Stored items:

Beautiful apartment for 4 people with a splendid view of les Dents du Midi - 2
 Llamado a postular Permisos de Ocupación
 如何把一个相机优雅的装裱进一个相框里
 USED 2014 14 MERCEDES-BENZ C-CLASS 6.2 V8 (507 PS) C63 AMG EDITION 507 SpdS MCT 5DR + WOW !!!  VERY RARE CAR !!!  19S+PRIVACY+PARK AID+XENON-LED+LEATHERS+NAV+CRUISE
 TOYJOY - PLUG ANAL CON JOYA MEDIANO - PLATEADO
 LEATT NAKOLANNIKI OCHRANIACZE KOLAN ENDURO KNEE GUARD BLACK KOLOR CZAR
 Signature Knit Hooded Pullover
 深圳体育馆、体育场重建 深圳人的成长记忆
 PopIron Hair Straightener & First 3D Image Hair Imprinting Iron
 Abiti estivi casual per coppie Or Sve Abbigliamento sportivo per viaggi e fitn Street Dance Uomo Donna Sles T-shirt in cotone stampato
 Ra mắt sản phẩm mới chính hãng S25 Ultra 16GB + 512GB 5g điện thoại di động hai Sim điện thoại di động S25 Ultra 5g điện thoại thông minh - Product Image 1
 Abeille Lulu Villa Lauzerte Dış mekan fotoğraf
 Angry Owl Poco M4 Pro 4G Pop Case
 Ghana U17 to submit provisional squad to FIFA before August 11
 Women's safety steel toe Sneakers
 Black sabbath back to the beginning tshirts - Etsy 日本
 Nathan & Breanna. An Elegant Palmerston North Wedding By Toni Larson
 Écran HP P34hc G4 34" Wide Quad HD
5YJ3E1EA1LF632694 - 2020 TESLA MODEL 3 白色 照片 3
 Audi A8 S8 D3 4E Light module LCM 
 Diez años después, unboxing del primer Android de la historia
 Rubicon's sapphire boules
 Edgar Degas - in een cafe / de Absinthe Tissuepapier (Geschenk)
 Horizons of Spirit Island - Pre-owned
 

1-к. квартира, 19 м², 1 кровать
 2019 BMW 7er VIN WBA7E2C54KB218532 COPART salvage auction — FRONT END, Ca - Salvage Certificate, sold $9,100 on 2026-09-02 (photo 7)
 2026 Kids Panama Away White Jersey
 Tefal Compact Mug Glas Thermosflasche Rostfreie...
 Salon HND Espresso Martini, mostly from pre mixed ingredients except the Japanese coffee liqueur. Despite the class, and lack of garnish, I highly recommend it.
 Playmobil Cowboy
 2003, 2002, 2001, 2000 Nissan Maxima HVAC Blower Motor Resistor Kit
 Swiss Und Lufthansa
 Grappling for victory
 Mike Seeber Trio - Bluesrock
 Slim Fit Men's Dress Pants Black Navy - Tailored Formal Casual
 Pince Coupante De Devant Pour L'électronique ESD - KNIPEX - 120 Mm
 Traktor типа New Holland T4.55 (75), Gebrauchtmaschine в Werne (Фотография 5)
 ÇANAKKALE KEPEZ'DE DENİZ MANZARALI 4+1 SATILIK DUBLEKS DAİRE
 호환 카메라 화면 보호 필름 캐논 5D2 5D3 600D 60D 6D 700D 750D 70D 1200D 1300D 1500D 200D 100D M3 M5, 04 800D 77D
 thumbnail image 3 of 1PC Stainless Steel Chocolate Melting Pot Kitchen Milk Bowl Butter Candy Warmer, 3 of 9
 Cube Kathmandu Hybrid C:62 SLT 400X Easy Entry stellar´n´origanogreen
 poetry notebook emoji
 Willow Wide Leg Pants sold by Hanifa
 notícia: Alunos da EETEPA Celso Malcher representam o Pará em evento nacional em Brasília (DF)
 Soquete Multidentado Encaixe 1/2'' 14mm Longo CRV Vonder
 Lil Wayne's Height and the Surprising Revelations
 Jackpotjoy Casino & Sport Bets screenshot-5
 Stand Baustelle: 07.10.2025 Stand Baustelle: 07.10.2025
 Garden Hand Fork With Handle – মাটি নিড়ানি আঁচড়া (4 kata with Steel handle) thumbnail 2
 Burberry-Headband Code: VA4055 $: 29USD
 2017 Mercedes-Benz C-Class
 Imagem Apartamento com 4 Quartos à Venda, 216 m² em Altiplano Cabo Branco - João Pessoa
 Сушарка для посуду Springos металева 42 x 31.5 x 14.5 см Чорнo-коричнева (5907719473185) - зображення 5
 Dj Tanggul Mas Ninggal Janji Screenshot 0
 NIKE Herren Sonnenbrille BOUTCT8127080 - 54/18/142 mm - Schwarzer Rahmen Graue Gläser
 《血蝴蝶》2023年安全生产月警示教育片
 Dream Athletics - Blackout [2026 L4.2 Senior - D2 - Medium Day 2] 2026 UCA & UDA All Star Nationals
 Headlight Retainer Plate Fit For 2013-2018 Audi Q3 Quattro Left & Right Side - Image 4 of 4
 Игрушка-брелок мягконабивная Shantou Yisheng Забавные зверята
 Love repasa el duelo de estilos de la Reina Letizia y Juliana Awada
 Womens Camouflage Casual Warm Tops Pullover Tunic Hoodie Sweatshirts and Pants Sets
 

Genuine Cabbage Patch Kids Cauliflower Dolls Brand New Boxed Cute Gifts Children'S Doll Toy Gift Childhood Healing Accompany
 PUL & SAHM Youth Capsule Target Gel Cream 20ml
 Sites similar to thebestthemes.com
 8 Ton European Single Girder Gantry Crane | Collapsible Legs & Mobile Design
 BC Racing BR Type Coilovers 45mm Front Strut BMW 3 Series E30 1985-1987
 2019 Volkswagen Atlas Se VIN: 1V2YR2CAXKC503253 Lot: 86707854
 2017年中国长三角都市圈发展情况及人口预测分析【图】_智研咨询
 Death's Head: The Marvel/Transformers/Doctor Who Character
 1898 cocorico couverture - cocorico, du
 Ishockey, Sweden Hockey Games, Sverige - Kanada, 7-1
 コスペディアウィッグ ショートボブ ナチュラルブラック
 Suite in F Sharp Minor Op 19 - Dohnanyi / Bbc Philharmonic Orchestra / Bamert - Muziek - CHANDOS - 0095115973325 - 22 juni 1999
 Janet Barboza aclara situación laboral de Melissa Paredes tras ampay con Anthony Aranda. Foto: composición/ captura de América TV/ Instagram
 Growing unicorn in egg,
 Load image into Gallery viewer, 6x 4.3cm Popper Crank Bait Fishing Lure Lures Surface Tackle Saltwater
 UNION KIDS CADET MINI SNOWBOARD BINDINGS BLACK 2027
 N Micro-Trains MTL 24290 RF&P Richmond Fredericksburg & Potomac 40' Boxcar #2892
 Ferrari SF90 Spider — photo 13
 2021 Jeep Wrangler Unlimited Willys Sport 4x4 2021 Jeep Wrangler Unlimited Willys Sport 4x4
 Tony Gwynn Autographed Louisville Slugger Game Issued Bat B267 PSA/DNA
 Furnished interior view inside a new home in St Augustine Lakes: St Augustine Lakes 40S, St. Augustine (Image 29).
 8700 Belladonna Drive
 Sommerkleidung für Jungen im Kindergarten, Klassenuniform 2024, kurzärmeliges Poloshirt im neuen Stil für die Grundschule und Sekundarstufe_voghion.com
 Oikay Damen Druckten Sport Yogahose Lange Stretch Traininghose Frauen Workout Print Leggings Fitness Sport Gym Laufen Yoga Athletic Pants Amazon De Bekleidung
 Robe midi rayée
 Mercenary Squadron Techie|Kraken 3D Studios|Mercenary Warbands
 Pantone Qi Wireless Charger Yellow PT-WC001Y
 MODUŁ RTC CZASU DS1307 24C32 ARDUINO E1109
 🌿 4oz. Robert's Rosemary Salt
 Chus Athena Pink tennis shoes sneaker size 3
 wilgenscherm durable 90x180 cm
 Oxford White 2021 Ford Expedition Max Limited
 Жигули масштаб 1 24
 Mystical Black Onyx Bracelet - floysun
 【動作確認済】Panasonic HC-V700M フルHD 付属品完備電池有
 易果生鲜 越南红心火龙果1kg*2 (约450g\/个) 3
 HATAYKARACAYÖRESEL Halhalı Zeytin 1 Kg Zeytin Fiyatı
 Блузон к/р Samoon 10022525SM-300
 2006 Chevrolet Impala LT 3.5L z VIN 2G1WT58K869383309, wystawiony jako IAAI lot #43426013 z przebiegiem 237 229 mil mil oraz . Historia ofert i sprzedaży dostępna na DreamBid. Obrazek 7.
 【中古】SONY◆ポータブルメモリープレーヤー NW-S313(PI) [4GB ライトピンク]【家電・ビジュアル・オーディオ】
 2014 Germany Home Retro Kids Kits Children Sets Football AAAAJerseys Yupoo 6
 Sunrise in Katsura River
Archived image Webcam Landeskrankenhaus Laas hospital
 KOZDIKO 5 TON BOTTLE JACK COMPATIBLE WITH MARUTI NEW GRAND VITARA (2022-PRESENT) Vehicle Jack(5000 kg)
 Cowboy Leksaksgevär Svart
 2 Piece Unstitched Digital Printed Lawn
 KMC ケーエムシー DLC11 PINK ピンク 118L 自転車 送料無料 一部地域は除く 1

* **Work request**: Show all lines from the entries that hold "Children".

* **Exercise output**:
Genuine Cabbage Patch Kids Cauliflower Dolls Brand New Boxed Cute Gifts Children'S Doll Toy Gift Childhood Healing Accompany
 2014 Germany Home Retro Kids Kits Children Sets Football AAAAJerseys Yupoo 6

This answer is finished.